You keep mixing up consideration of an individual experiment with consideration of multiple experiments that is why you are confused. We are not yet talking about multiple experiments, that is where the intergral comes in. We are talking about A SINGLE experiment!

As I already explained, the probability of X on a single experiment is always guaranteed to be equal to the fraction of trials on which X occurred in a large number (approaching infinity) of repeats of the experiment with the same conditions--it doesn't matter if a large number of trials actually happens, all that matters is that this would be true hypothetically the experiment were repeated in this way. Do you disagree with this? Please give me a simple yes or no answer.

Secondly, if P(XY|Z)=P(X|Z)*P(Y|Z) does not mean X is logically independent of Y, then where did you get the equation from.

It comes from the fact that if you only look at the trials where Z occurred and throw out all the trials where it did not, then in that set of trials X is independent of Y. It would help if you addressed my simple numerical example:

Three balls D, E, F; D has 0.7 chance of lighting up red when button pushed, E has 0.9 chance, F has 0.25 chance.

H1 is the condition that "ball D was given to Alice, ball E was given to Bob".

Do you agree that in this case, P(Alice saw red, Bob saw red|H1) = 0.63, exactly the same as P(Alice saw red|H1)*P(Bob saw red|H1)? If not, what probability would you assign to P(Alice saw red, Bob saw red|H1)?
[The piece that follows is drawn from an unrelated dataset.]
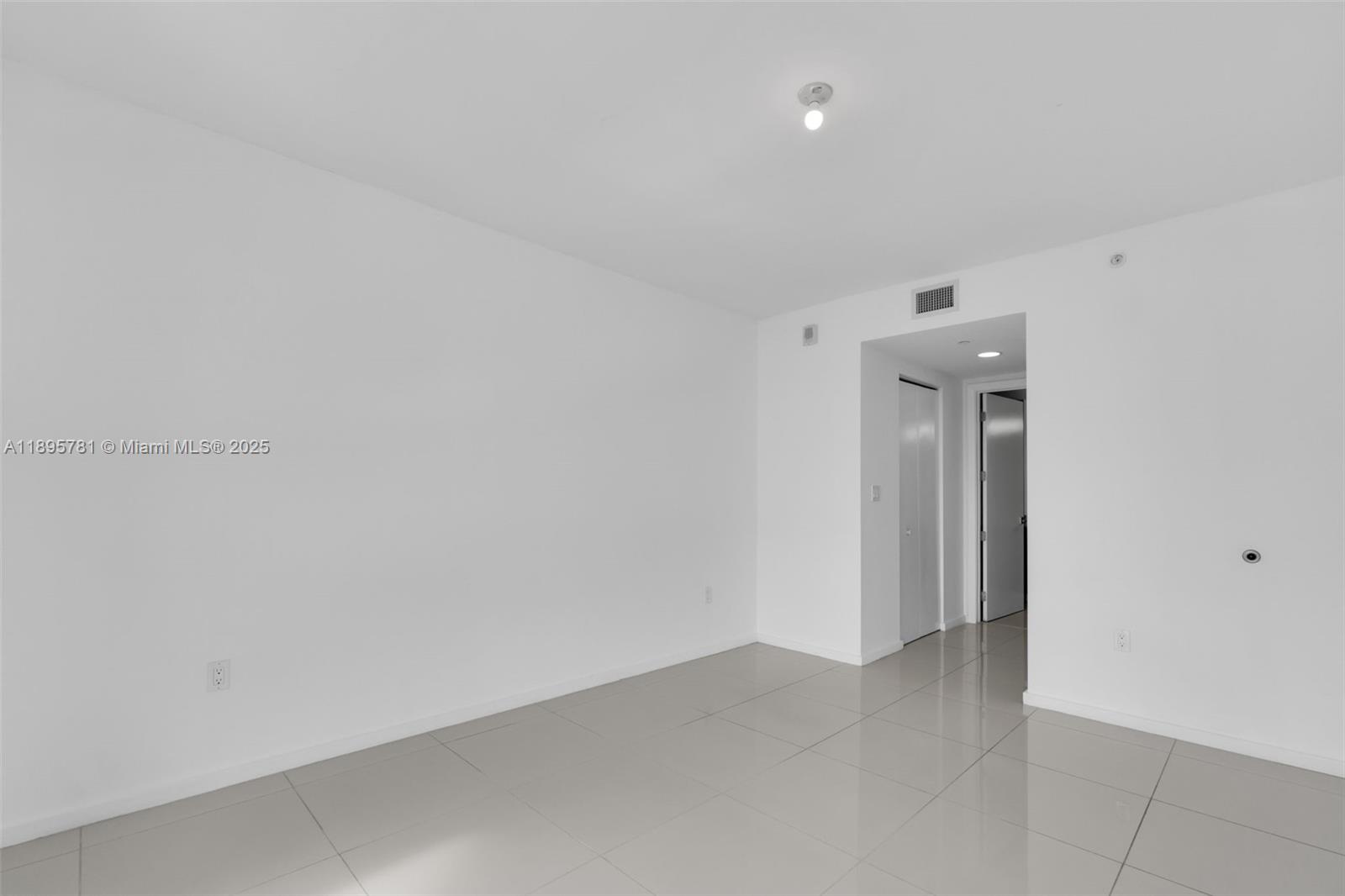 5252 NW 85th Ave #1505 Doral, FL 33166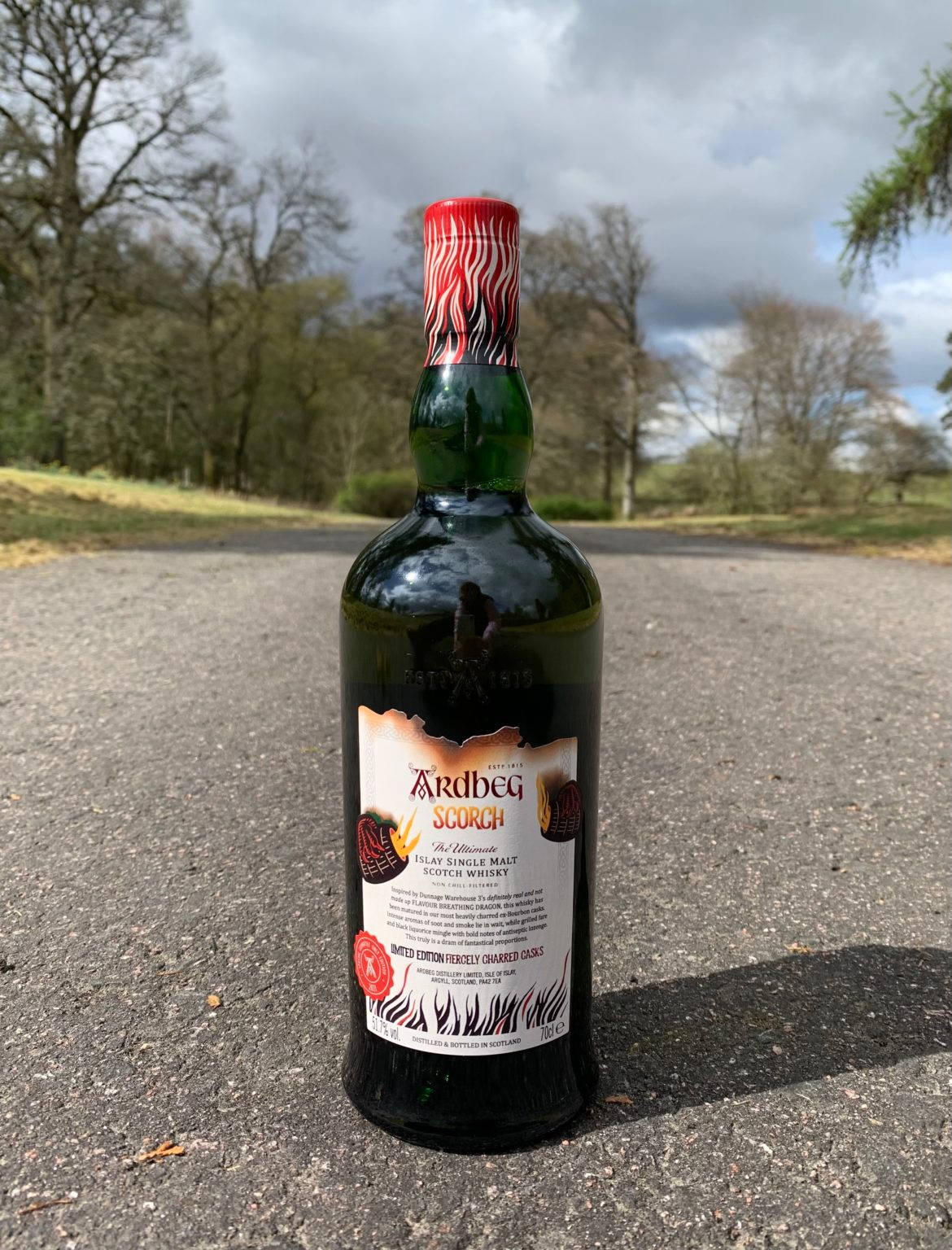 Ardbeg Scorch In Het Midden Van De Weg Achtergrond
Please give me a specific answer to this question.

I have already shown you how you can derive P(XY|Z)=P(X|Z)*P(Y|Z) from the product rule P(XY|Z)=P(X|YZ)*P(Y|Z) WHEN AND ONLY WHEN X is logically independent of Y. You have not shown how you can arrive at that equation without assuming logical independence.

Of course I have. As I already explained, I am simply assuming that X is logically independent of Y in the subset of trials where Z occurs, even though it they are not independent in the set of all trials. Another way of putting this is that if we know Z occurred, then knowing X tells us nothing further about the probability of Y, even though in the absence of knowledge of Z knowledge of X would have given us some new information about the probability of Y. You apparently are having problems understanding this explanation, but I can't help you unless you are willing to actually think about some specific examples like the one I ask above. Can you please just do me the courtesy of answering my simple questions about these examples?

Here's another example--we have a 6-sided die and a 12-sided die, Alice rolls one and Bob rolls the other. If there's a 50/50 chance the 12-sided die will be given to either one of them, and we aren't told who got which die, then the results they see aren't logically independent--for example, if Alice gets a 10 that allows us to infer Bob will get some number between 1 and 6, whereas before we knew what Alice rolled we would have considered it possible Bob could get any number from 1-12. However, in the subset of cases where Alice gets the 12-sided die and Bob gets the 6-sided die (or if you prefer, in a single case where we know Alice got the 12-sided die and Bob got the 6-sided die), Bob has a probability 1/6 of getting any number 1-6, and a probability 0 of getting a number 7-12, and knowing what Alice rolled has absolutely no further effect on these probabilities. Do you disagree? Again, please think about this specific example and answer yes or no.